» Task to carry out:
Retyping all the entries exactly is the whole task.
■ ■ ■ ■
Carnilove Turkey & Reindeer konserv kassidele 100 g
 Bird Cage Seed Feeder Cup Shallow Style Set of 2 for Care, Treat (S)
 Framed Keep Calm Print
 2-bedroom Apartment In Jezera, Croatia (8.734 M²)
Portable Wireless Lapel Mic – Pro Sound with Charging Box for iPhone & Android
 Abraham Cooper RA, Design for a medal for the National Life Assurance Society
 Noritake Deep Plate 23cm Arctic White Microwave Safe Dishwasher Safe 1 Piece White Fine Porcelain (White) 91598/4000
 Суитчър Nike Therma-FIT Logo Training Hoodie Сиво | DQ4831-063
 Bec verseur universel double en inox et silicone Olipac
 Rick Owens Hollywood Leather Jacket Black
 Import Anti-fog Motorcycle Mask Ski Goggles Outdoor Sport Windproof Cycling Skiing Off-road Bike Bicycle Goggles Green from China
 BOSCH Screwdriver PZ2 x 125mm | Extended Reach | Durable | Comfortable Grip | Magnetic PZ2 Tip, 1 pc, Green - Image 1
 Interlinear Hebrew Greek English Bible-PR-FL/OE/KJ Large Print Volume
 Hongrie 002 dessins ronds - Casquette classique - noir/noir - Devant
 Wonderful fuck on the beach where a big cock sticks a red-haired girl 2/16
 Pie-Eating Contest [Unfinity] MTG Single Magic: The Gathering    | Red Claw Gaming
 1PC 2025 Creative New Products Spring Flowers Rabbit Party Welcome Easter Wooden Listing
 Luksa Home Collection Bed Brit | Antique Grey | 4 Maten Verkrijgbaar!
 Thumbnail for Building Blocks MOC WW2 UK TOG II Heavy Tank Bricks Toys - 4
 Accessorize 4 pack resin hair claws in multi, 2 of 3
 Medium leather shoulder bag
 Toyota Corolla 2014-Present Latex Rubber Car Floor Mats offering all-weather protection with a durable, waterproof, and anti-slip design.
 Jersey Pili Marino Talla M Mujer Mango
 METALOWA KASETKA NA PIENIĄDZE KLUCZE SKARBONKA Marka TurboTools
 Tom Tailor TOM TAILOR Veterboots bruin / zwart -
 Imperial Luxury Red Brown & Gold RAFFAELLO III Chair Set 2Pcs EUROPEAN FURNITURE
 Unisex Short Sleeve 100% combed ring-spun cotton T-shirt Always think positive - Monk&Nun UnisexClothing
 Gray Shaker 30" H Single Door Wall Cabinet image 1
■ ■ ■ ■
» Exercise answer:
Carnilove Turkey & Reindeer konserv kassidele 100 g
 Bird Cage Seed Feeder Cup Shallow Style Set of 2 for Care, Treat (S)
 Framed Keep Calm Print
 2-bedroom Apartment In Jezera, Croatia (8.734 M²)
Portable Wireless Lapel Mic – Pro Sound with Charging Box for iPhone & Android
 Abraham Cooper RA, Design for a medal for the National Life Assurance Society
 Noritake Deep Plate 23cm Arctic White Microwave Safe Dishwasher Safe 1 Piece White Fine Porcelain (White) 91598/4000
 Суитчър Nike Therma-FIT Logo Training Hoodie Сиво | DQ4831-063
 Bec verseur universel double en inox et silicone Olipac
 Rick Owens Hollywood Leather Jacket Black
 Import Anti-fog Motorcycle Mask Ski Goggles Outdoor Sport Windproof Cycling Skiing Off-road Bike Bicycle Goggles Green from China
 BOSCH Screwdriver PZ2 x 125mm | Extended Reach | Durable | Comfortable Grip | Magnetic PZ2 Tip, 1 pc, Green - Image 1
 Interlinear Hebrew Greek English Bible-PR-FL/OE/KJ Large Print Volume
 Hongrie 002 dessins ronds - Casquette classique - noir/noir - Devant
 Wonderful fuck on the beach where a big cock sticks a red-haired girl 2/16
 Pie-Eating Contest [Unfinity] MTG Single Magic: The Gathering    | Red Claw Gaming
 1PC 2025 Creative New Products Spring Flowers Rabbit Party Welcome Easter Wooden Listing
 Luksa Home Collection Bed Brit | Antique Grey | 4 Maten Verkrijgbaar!
 Thumbnail for Building Blocks MOC WW2 UK TOG II Heavy Tank Bricks Toys - 4
 Accessorize 4 pack resin hair claws in multi, 2 of 3
 Medium leather shoulder bag
 Toyota Corolla 2014-Present Latex Rubber Car Floor Mats offering all-weather protection with a durable, waterproof, and anti-slip design.
 Jersey Pili Marino Talla M Mujer Mango
 METALOWA KASETKA NA PIENIĄDZE KLUCZE SKARBONKA Marka TurboTools
 Tom Tailor TOM TAILOR Veterboots bruin / zwart -
 Imperial Luxury Red Brown & Gold RAFFAELLO III Chair Set 2Pcs EUROPEAN FURNITURE
 Unisex Short Sleeve 100% combed ring-spun cotton T-shirt Always think positive - Monk&Nun UnisexClothing
 Gray Shaker 30" H Single Door Wall Cabinet image 1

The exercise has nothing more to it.